Russia bans militia group named after national heroes as terrorist organization

The group’s head Vladimir Kvachkov, a former intelligence colonel, was sentenced to 8 years in a top security prison for a coup attempt in 2013

MOSCOW, August 12 /TASS/. Russia’s Supreme Court on Wednesday upheld a court decision to recognize the Minin and Pozharsky Public Militia movement as a terrorist organization and ban its activities in Russia.

The group is headed by the former intelligence colonel Vladimir Kvachkov who is serving an eight-year sentence in a top security prison for a coup attempt.

"The court has turned down an appeal of the counsel for the defense," Kvachkov’s lawyer Oksana Mikhalkina told TASS.

Earlier, the Moscow city court recognized the Minin and Pozharsky Public Militia group, an all-Russia public movement, to be a terrorist organization and banned its activities in Russia.
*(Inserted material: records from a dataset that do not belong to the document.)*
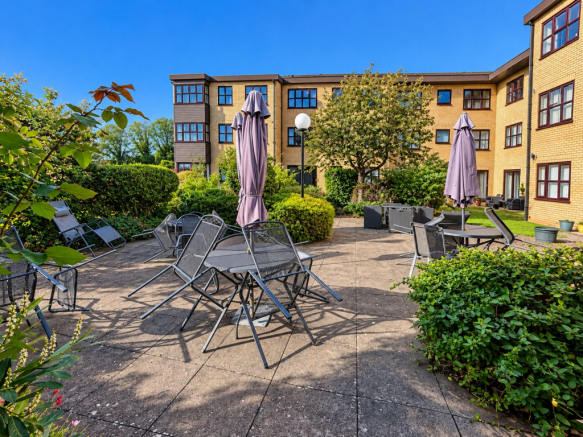 1-bed flat on Millfield Court, Huntingdon, Cambridgeshire., £95,000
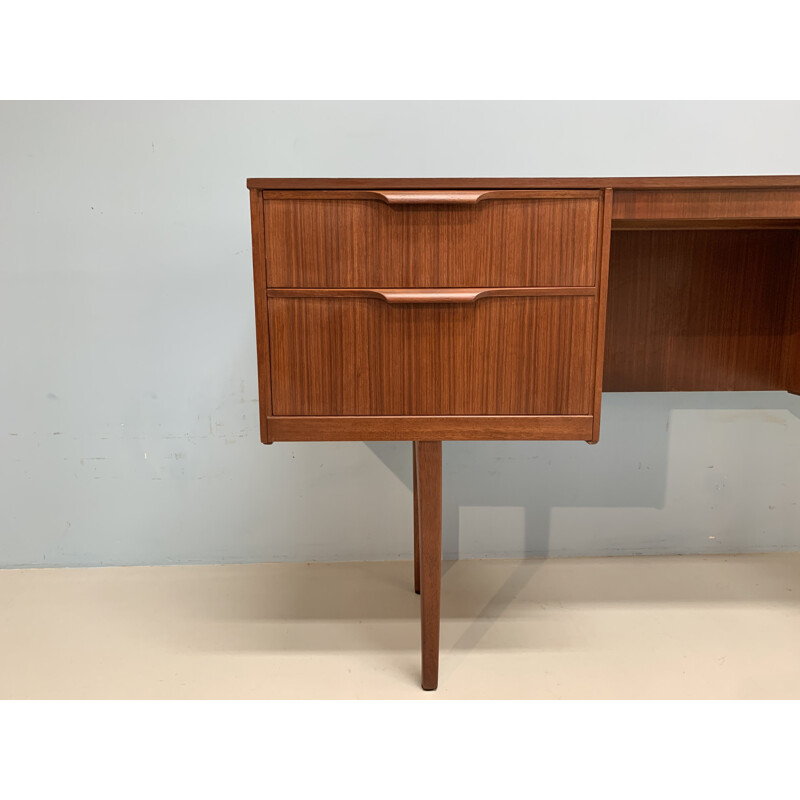 Bureau vintage en teck par Frank Guille pour Austinsuite, années 1960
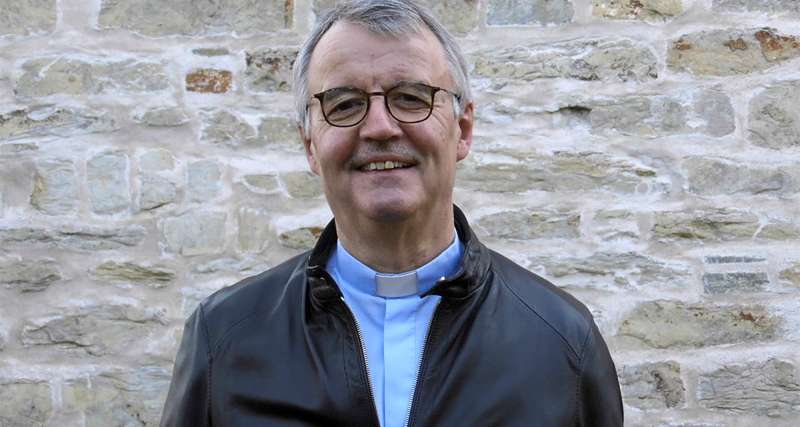 Pfarrer Peter Gede spricht am 7. Juni im Geistlichen Zentrum Franziskus über die heilende Kraft des Heiligen Geistes. Foto: Pastoralverbund Büren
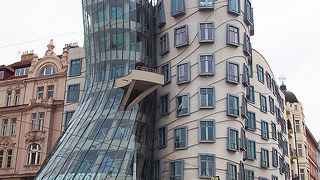 本当に男女が踊っているかのような近代的なビル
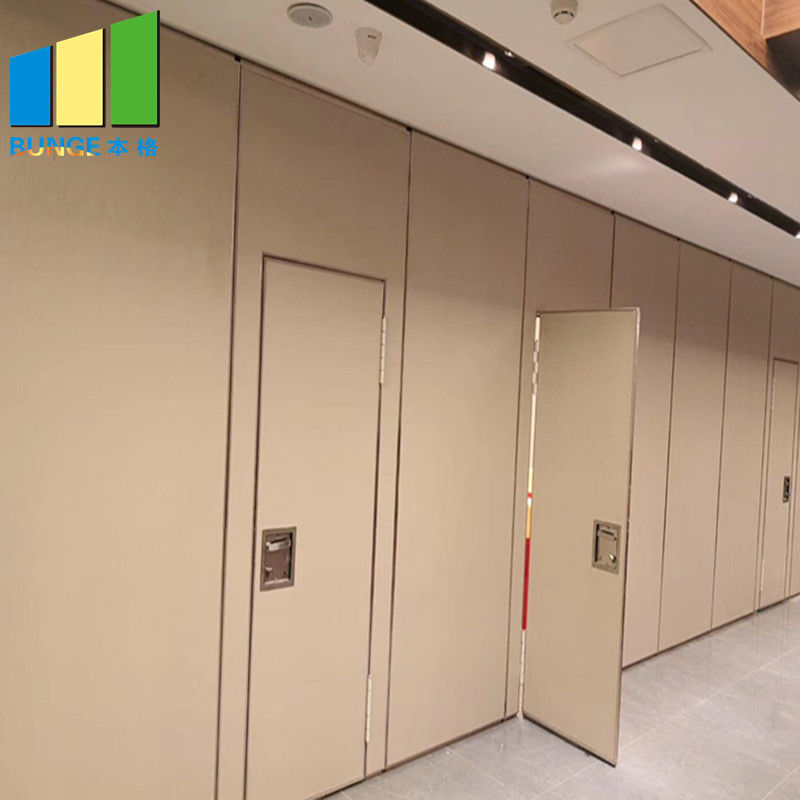 Wood Folding Doors Movable Partition Walls For Office Hotel Decoration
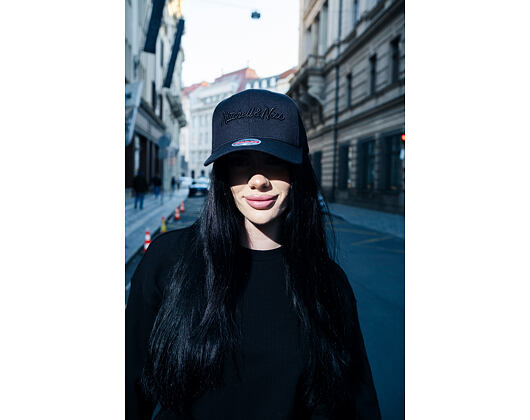 Mitchell & Ness Pinscript Redline Snapback Branded Black / Black Cap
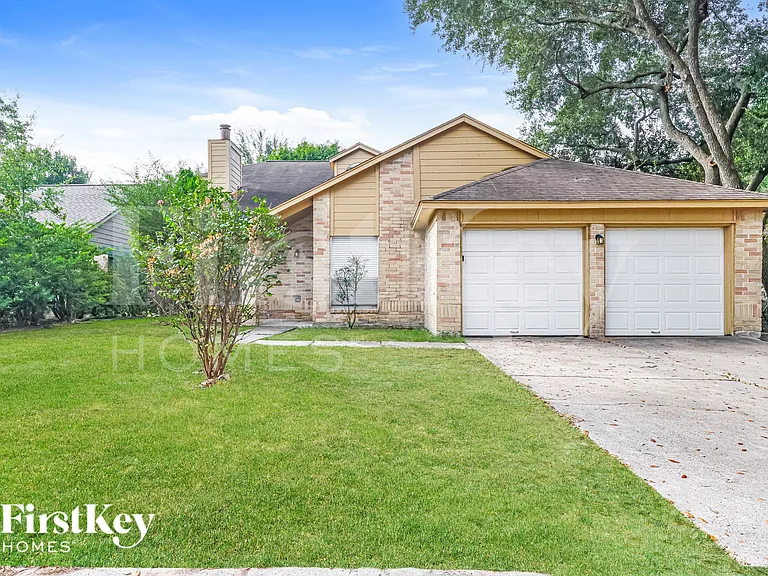 2322 Piddler Dr — Photo 1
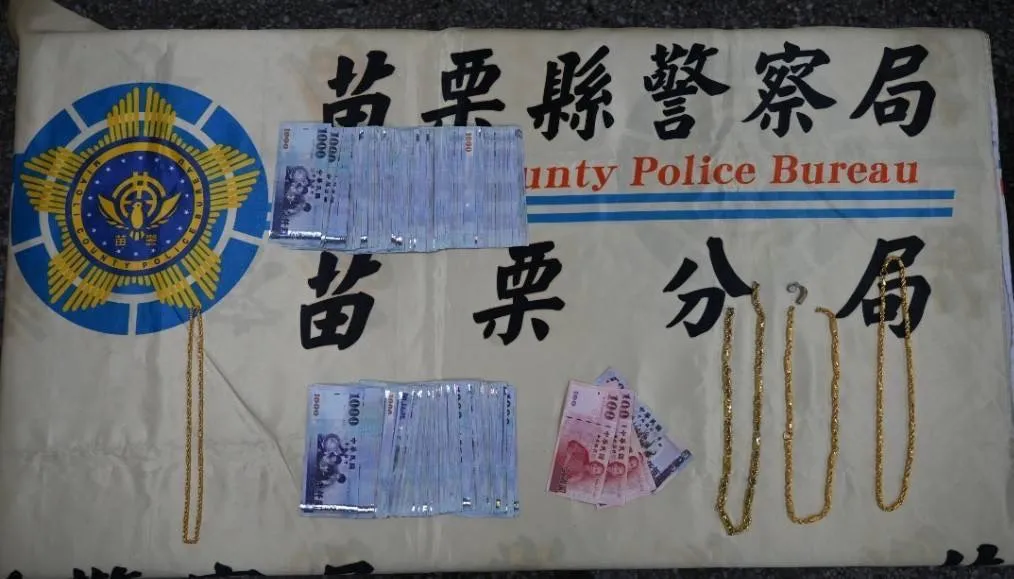 警方起出銀樓交付的金項鍊（ 左）及現金，並在張男家中發現另3條金項鍊。民眾提供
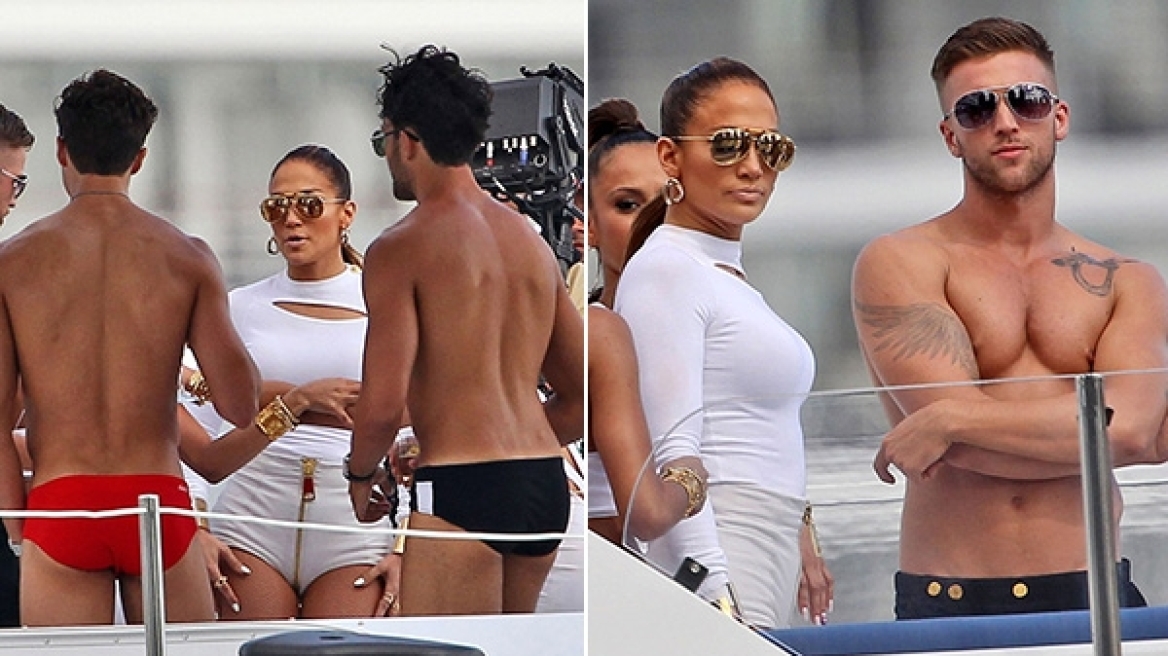 Jennifer Lopez: Σέξι πόζες και φλερτ στα γυρίσματα του νέου της βιντεοκλίπ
The decision came into force on Wednesday, August 12.

Earlier, Kvachkov was charged with leading a shooting and bombing attack in 2005 on a convoy carrying Rusnano chief Anatoly Chubais, who at the time was head of national power monopoly Unified Energy System.

Chubais, an architect of the liberal reforms in the 1990s, is reviled by many for the chaos that accompanied the country's rapid transition to a market economy.

A jury cleared Kvachkov and his associates of all the charges in 2008. The Supreme Court overturned the decision in 2009 and a retrial ended with another acquittal in September, upheld by the Supreme Court. The state paid the retired colonel 450,000 roubles (about 7,000 US dollars) in compensation for the illegal criminal prosecution.

Kvachkov was convicted again in 2013 on charges of an attempt to organize an armed uprising and for recruitment and involvement of people into terrorist activities.

Colonel Kvachkov organized the Minin and Pozharsky Public Militia movement in February 2009. He used the names of Kuzma Minin and Count Dmitry Pozharsky, the two national heroes who led an uprising against Polish invaders early in the 17th century and finally liberated Moscow and the rest of Russia from the Poles, in the organization’s name.